* Description of the task
Copy each line below containing "Robe".

* Recorded data
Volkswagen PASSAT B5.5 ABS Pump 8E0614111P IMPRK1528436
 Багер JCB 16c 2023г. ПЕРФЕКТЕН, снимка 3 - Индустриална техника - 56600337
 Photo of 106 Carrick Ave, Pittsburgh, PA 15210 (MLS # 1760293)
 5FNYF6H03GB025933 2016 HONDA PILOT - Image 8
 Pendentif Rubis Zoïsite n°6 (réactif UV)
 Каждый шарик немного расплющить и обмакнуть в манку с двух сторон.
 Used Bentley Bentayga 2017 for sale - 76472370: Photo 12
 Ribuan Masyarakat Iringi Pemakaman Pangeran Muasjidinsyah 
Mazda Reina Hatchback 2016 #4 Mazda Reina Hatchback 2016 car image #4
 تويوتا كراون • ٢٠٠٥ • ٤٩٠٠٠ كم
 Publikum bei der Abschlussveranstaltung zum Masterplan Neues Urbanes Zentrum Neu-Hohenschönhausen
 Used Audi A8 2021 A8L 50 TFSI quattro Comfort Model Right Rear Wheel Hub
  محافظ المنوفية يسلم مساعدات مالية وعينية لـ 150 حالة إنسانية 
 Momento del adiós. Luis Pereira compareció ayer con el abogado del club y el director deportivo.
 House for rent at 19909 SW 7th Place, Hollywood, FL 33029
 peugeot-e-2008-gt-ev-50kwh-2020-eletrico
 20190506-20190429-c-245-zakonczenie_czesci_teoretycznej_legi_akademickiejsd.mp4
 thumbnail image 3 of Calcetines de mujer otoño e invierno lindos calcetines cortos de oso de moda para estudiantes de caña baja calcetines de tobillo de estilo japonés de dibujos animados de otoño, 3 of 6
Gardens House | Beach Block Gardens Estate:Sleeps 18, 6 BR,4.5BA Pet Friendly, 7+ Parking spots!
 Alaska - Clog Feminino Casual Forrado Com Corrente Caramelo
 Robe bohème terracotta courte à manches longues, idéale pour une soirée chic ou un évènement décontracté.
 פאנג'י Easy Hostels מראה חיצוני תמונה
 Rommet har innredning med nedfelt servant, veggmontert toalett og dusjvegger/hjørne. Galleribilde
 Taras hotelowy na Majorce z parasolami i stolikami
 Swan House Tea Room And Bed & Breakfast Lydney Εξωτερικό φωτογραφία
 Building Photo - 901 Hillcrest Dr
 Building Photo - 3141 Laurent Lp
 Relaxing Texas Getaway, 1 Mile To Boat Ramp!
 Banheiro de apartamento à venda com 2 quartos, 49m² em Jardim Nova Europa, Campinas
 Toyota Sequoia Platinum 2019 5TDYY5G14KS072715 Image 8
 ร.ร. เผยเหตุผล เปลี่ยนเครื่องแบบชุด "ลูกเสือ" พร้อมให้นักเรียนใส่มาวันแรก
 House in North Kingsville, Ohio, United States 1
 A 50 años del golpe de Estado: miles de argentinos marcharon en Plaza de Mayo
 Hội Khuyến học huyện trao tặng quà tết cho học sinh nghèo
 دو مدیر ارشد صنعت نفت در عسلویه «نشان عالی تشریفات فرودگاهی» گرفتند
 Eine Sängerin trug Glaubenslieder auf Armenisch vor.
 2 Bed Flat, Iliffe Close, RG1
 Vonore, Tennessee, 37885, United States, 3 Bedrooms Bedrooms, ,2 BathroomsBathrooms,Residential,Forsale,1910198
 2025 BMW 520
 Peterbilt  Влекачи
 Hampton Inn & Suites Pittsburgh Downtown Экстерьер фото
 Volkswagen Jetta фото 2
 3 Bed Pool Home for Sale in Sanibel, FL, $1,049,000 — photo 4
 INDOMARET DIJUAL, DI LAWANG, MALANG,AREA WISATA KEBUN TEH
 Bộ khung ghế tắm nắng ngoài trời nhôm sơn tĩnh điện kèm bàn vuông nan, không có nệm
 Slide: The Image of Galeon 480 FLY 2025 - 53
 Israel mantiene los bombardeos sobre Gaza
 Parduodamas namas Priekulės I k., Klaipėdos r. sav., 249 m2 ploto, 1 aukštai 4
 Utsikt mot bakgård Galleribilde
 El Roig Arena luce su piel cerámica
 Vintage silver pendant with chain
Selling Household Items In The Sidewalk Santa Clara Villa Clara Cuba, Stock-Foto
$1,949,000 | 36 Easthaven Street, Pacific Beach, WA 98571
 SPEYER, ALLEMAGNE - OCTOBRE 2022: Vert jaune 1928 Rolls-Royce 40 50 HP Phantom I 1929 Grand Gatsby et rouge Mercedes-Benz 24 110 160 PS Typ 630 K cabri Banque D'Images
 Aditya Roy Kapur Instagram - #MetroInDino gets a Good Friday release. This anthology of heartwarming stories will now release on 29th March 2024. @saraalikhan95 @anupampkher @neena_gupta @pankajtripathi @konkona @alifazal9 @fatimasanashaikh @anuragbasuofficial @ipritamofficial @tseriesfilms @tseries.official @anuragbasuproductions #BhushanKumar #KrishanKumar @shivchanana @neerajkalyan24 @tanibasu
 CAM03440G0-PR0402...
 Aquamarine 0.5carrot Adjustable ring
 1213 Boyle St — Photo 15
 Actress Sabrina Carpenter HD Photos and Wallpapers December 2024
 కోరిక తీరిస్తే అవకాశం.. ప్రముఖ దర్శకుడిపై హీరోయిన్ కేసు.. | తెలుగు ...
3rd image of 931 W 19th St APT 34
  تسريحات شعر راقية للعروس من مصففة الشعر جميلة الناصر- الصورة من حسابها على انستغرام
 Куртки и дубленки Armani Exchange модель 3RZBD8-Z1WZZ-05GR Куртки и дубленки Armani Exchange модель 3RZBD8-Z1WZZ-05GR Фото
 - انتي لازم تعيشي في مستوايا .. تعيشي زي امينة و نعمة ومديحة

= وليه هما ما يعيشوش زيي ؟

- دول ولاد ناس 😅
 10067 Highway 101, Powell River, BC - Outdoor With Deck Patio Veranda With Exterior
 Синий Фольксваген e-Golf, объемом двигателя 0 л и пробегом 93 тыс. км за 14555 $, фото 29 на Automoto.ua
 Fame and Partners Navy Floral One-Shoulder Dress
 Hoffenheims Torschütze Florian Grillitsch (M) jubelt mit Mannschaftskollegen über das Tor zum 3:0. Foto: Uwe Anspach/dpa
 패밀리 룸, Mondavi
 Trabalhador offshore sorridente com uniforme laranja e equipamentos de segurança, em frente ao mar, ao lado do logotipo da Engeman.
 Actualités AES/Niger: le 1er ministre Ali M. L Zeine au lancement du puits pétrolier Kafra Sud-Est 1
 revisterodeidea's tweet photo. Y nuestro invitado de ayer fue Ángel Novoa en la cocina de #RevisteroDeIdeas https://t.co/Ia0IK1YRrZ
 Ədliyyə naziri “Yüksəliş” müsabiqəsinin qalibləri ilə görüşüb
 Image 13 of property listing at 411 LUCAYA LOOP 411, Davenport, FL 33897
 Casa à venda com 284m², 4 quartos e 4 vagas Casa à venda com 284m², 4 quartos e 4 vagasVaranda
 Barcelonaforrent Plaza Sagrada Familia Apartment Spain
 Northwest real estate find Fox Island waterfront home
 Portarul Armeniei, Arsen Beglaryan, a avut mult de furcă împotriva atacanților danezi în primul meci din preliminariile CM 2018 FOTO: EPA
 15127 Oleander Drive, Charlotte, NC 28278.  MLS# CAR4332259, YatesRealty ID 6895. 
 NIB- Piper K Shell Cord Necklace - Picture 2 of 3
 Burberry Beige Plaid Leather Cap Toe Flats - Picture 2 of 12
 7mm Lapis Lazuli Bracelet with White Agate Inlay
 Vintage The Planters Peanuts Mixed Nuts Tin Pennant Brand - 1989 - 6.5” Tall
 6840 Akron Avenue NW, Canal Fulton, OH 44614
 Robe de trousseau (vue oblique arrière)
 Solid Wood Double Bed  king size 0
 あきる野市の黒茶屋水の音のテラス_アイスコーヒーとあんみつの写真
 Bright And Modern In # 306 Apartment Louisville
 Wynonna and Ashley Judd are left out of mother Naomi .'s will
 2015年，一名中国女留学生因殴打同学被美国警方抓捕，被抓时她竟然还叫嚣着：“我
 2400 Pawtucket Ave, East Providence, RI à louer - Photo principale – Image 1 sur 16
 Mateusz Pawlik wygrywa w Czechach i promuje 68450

* Answer to this task
 Robe bohème terracotta courte à manches longues, idéale pour une soirée chic ou un évènement décontracté.
 Robe de trousseau (vue oblique arrière)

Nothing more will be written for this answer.